La situation s’était compliquée à ce stade. Antonelli avait connu un départ chaotique, coupant des virages et étant contraint de céder une place à Lando Norris, ce qui avait laissé le pilote Mercedes se placer entre Hamilton et Verstappen dans l’ordre. Restituer sa position à Hamilton signifiait donc aussi céder à Antonelli.

Quand l’ingénieur de course Red Bull Gianpiero Lambiase a relayé l’instruction, Verstappen a vivement protesté à la radio. « Mais de quoi vous parlez? » a-t-il dit à l’équipe. « Il aurait crashé. Mais de quoi vous parlez?
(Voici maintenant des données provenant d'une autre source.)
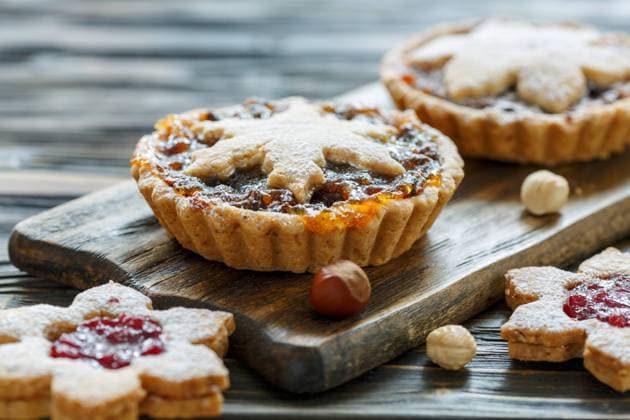 Cakes with dried fruits, orange jam and nuts. Christmas cakes with dried fruit and nuts on wooden table, selective focus. Copyright: xZoonar.com MarinaxSaprunovax 11582846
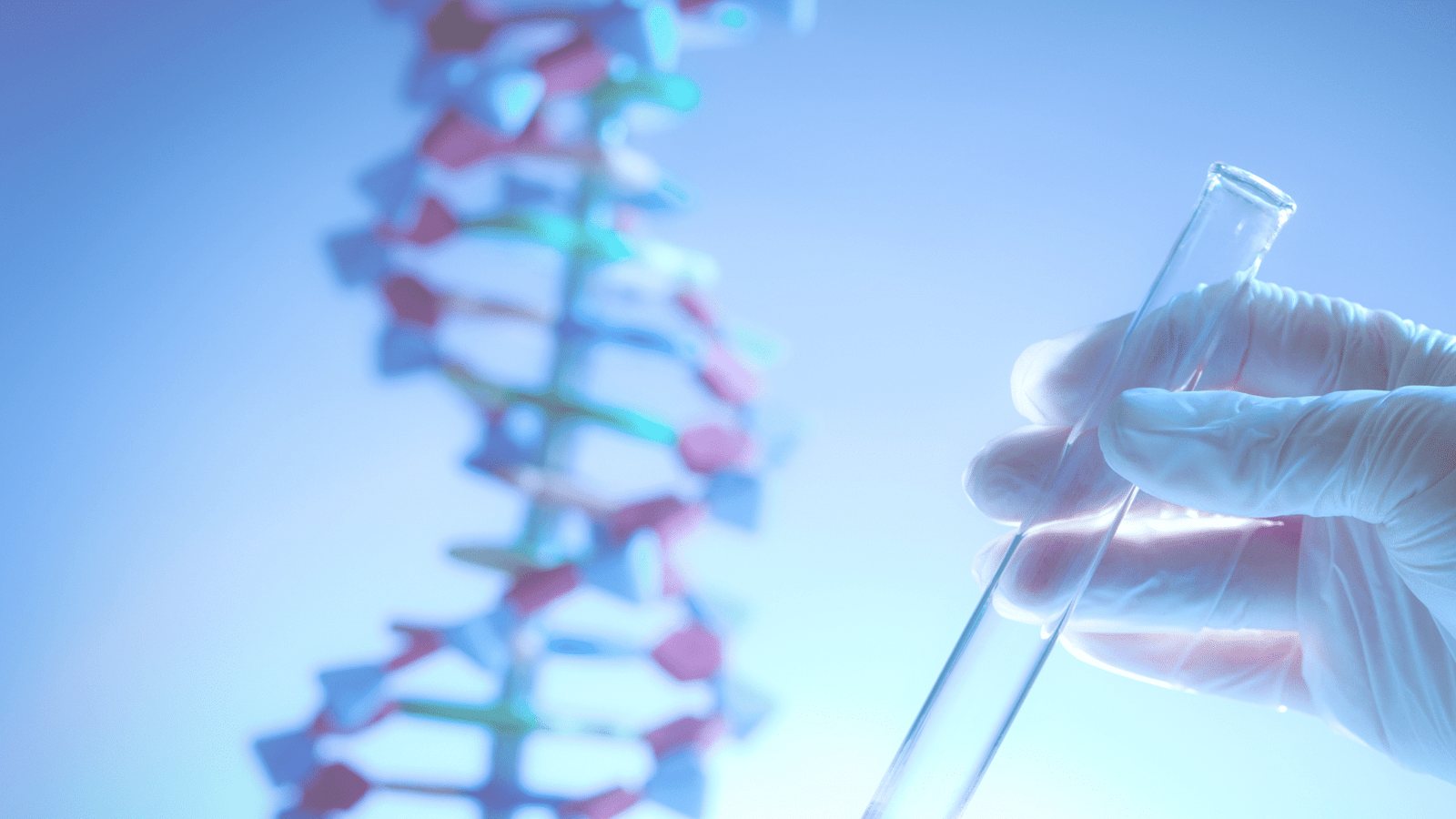 A gloved hand holds a test tube in the foreground, with a blurred model of a DNA double helix in the background, both lit by a cool blue light.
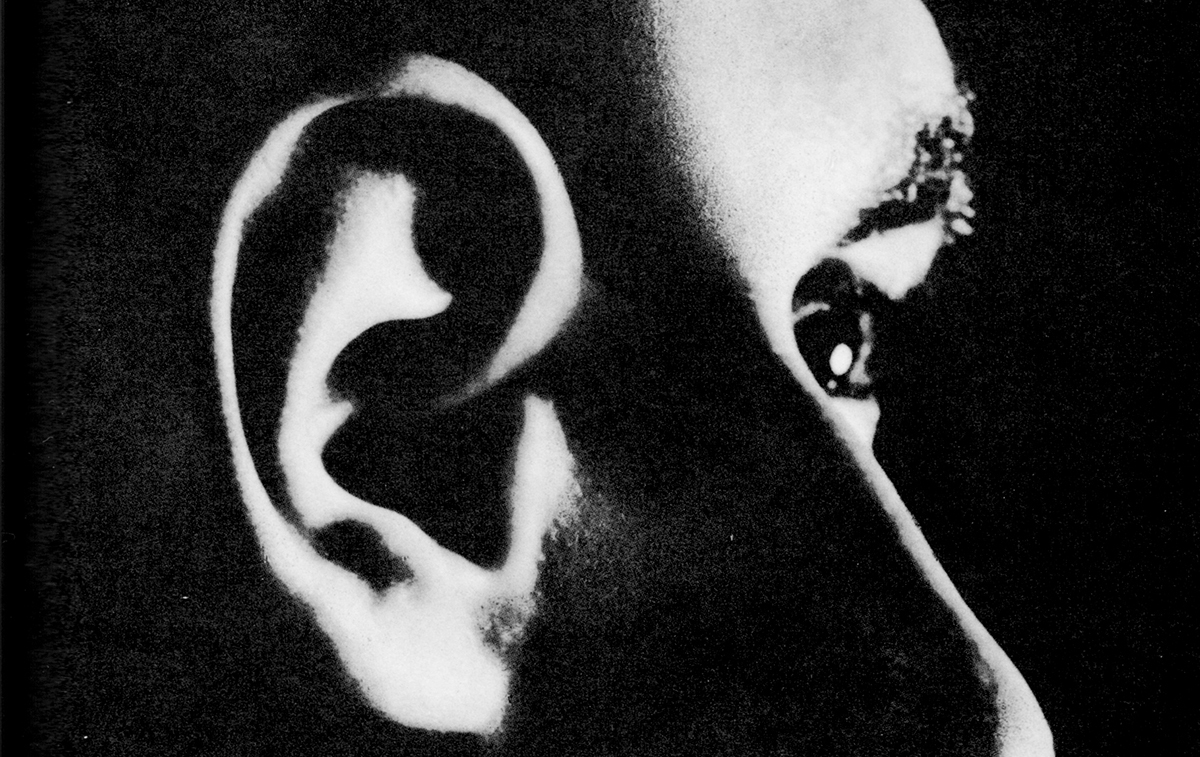 Black and white photo collage of an ear, nose, and eye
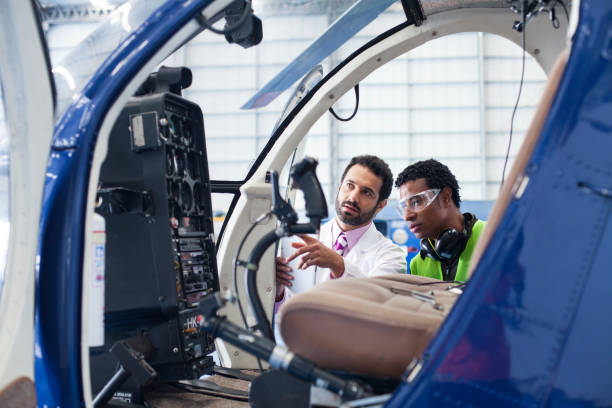 istock Engineer gives the technician instructions on the work to be done to the helicopter 1188324645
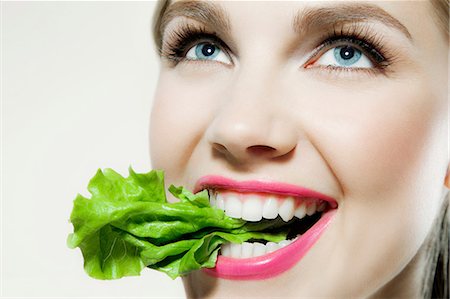 satisfaction eating - Young woman biting lettuce Stock Photo - Premium Royalty-Free, Code: 614-06116191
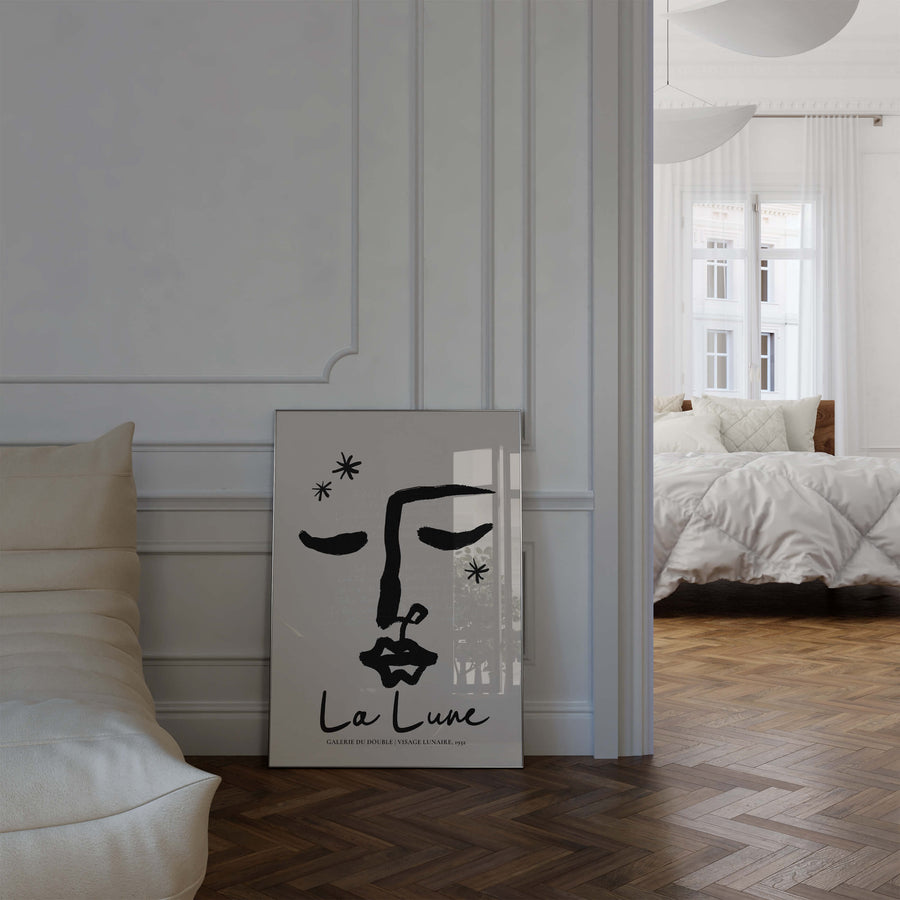 Abstract line art face with closed eyes in black ink. Poetic and feminine moon-themed wall art print with French quote overlay.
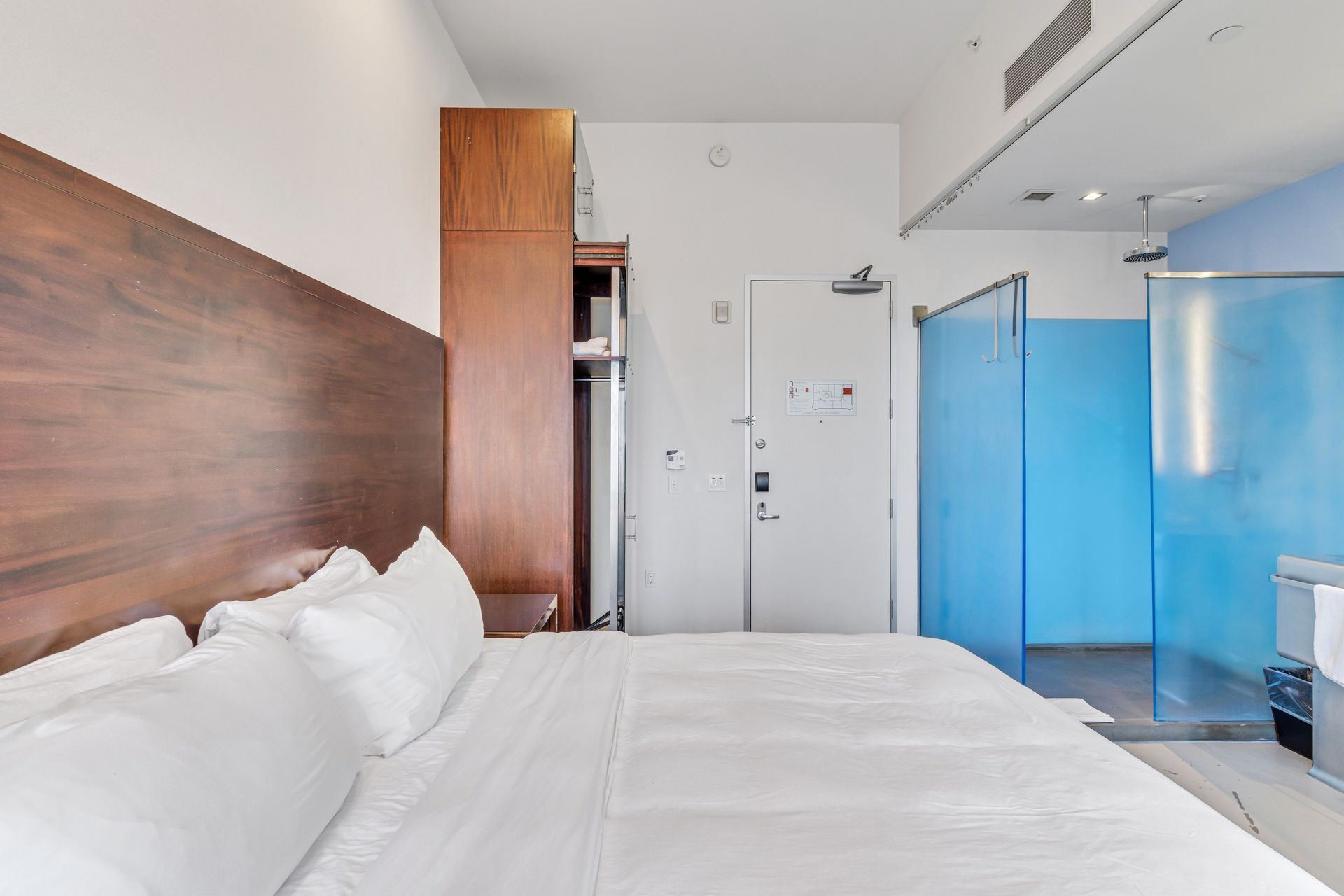 Bedroom with large bed, wooden headboard, closet, door, and blue-tinted shower area.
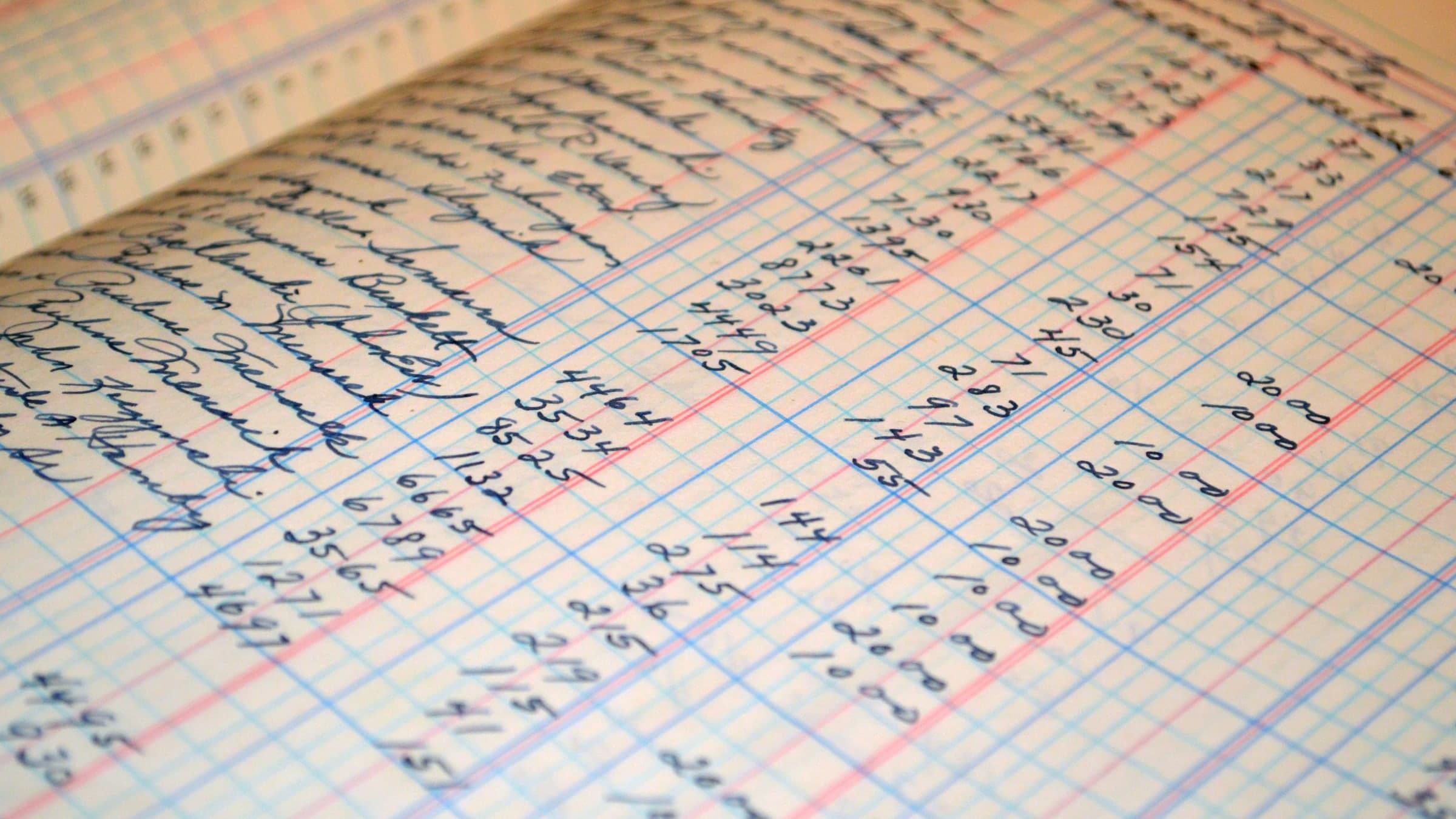 Pages d'un grand-livre manuscrit, colonnes réglées de bleu et de rouge, chiffres alignés à l'encre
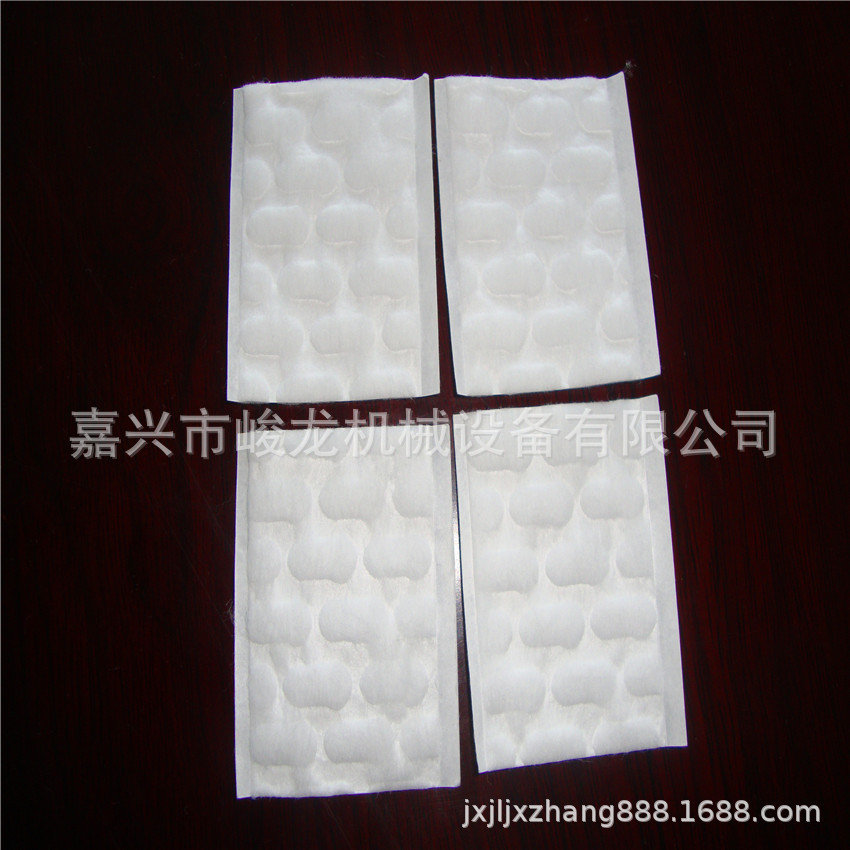 嘉兴峻龙 全自动多规格方片压花压边卸妆棉 化妆棉片裁片机械设备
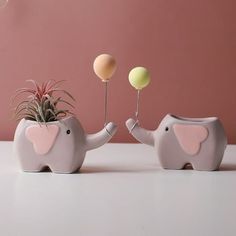 two elephant planters with air plants in them, one holding a balloon and the other holding a ball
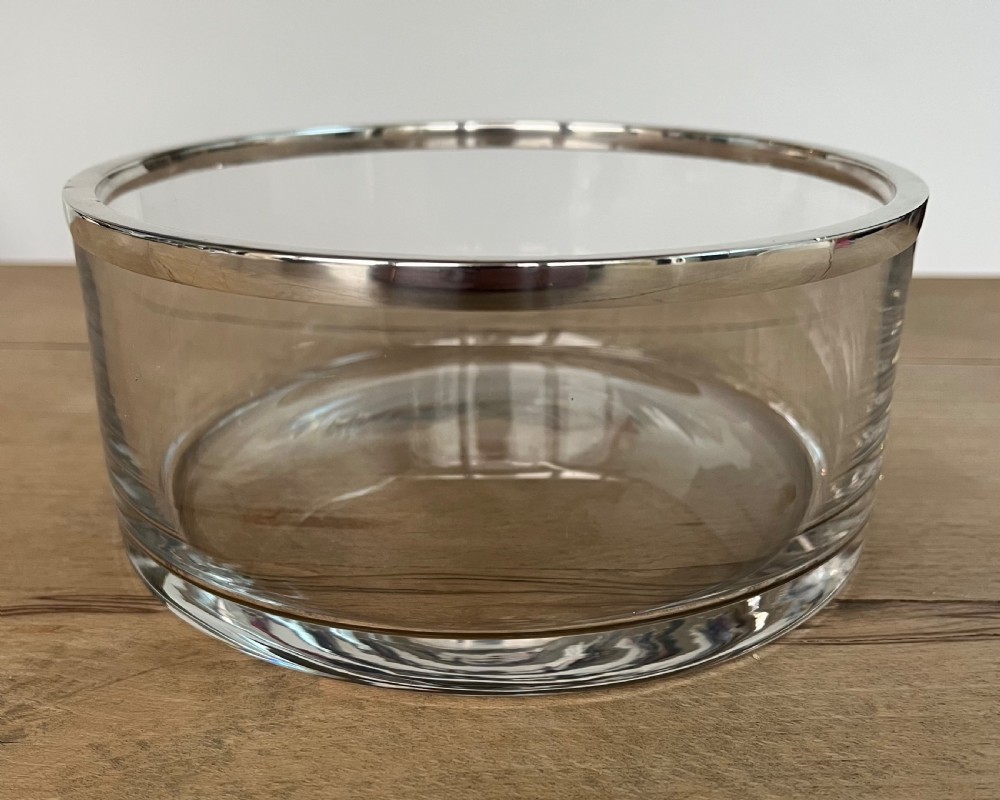 A cylindrical clear glass bowl featuring a smooth polished sterling silver rim around the top edge.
Si je reste juste sur la piste, je suis hors de la course. »

Malgré ses objections, Verstappen s’est conformé au tour quatre, laissant passer Antonelli et Hamilton avant de remonter à la deuxième place à l’arrivée.

Mekies a souligné que la décision avait été prise entièrement par le muret, sans instruction directe de la direction de course — ce qui signifie que si Verstappen était resté devant, l’affaire aurait été renvoyée aux commissaires.

« C’est toujours une décision douloureuse et difficile, mais les gars au muret ont eu une très, très bonne vue sur la situation et ont fait l’analyse rapidement, car nous devions prendre des décisions rapidement, » a déclaré Mekies à F1 TV. « Nous n’attendions pas le mail de remerciement de Max à ce moment-là depuis la voiture, mais nous avons estimé qu’il valait mieux encaisser le coup à ce moment et se battre après, ce que Max a fait exceptionnellement bien comme toujours, plutôt que d’attendre et de risquer des pénalités plus importantes qui auraient pu être beaucoup plus coûteuses plus tard. »

Mekies a indiqué que la sanction potentielle des commissaires aurait pu être de cinq ou dix secondes — une punition qui, selon le moment, aurait pu coûter bien plus à Verstappen que les deux places qu’il a finalement cédées.